The gritters don’t come up the hill to us because they are too busy trying to keep the main roads clear. There’s no grit or salt left that we can scatter ourselves and what was ordered has been taken by Birmingham City Council as their need is greater than ours. Apparently.
Oh, and we don’t live in Birmingham.
Nothing for it then, than to rally to the cause and help.
If we don’t do it, we won’t get in or out…. not bad if it is before we set off to work, but not so great if we happen to be at work when more snow comes down.
We went out and helped clear the road and some paths so cars could get up the hill without sliding backwards which is always a good thing if you are driving up hill.
After a couple of hours we got back in and felt we deserved something really good for supper and I had my eyes on some black pudding.
When I met the Bear he said did not like black pudding…. when what he really meant was that he had not had black pudding cooked in a way that he liked. Now? After three years of marriage? He really is becoming omnivorous.
I have plans for most of the black pudding for tomorrow, but there will be enough left for something I have been thinking about… we love risotto and I have a fancy for black pudding risotto. I kept thinking about what would work well with it and realised that bacon and apple would be just the ticket. One thing to remember is that cooking apples wouldn’t be any good in this as I didn’t want the apple to dissolve into a mush, so I chose a bright, sweetly sharp Pink Lady. It was beginning to look like a pink theme was developing so I got some red onions out as well.
Let’s get everything ready –
– to feed four people well, you will need maybe 250g of risotto rice. I am using Fior di Riso, a vialone nano risotto rice which tends to be used more in the north of Italy. Other rices to look out for are carnoroli or arborio – just as long as you do get risotto rice.
2 red onions, 2 big slices of black pudding and 25o g of bacon bits , or lardons , some stock, some butter, a Pink Lady apple and some Parmesan cheese to shave over at the end.
To start with… get two pans out – in one you are going to have stock bubbling away ( you can make your own or use cubes or granules – just make sure they are good quality. I often use Knorr stock granules)
and in the other, melt a knob of butter…. while that is melting, quickly peel and chop the red onion and then add that to the pan with a pinch of salt
After softening the onion, add the rice and stir it round in the buttery juices. This forces flavour into the rice grains – or so I was told…. and then add half a glass of vermouth. You will hear a fantastic sizzle and a really aromatic smell will whoosh out of the pan.
All the alcohol evaporates and you are just left with an enigmatic hint … it’s quite safe, even for children to eat. If you haven’t got vermouth then a dry white wine or maybe some sherry would be good. Just stir it round until the liquid is absorbed by those greedy rice grains.
Once the vermouth, or wine, or whatever has been absorbed, add a ladleful of hot stock and stir it gently round so that can also be absorbed.
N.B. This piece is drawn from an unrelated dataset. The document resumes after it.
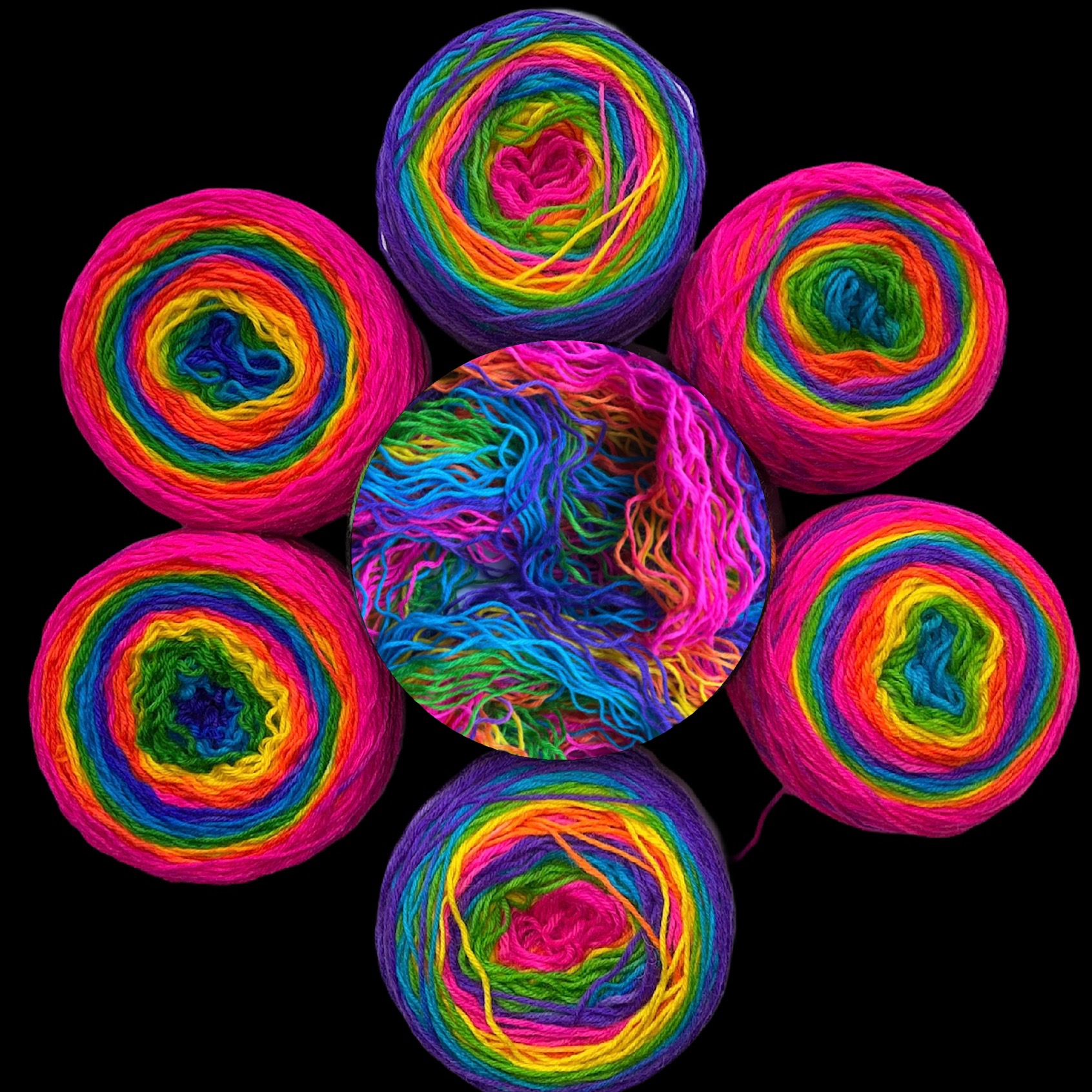 Bright Rainbow SelfStriping 4 Ply Standard Sock yarn Wizard Yarns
Oh and this IS important – I was taught to make risotto by a real Italian cook and it was stressed that when you stir the risotto, you stir in ONE direction only. This isn’t some mad superstition, there is a valid reason for doing it – if you just keep going in the same direction, the rice grains swirl around in the beautifully flavoured stock, absorbing as they whirl. If you go bashing them back and forth with a wooden spoon, they start to break and starch comes out into the stock, making it gloopy. The aim is just to get each rice grain swelling separately.
I love making risotto because I particularly love just standing there, quietly, ladelling in stock, stirring gently and relaxing. It doesn’t take long, you know – maybe twelve minutes or so, just until the rice has absorbed enough of the stock to be plump and delicious with just a hint of a bite to it.
Trust me – doing it this way makes the risotto really good.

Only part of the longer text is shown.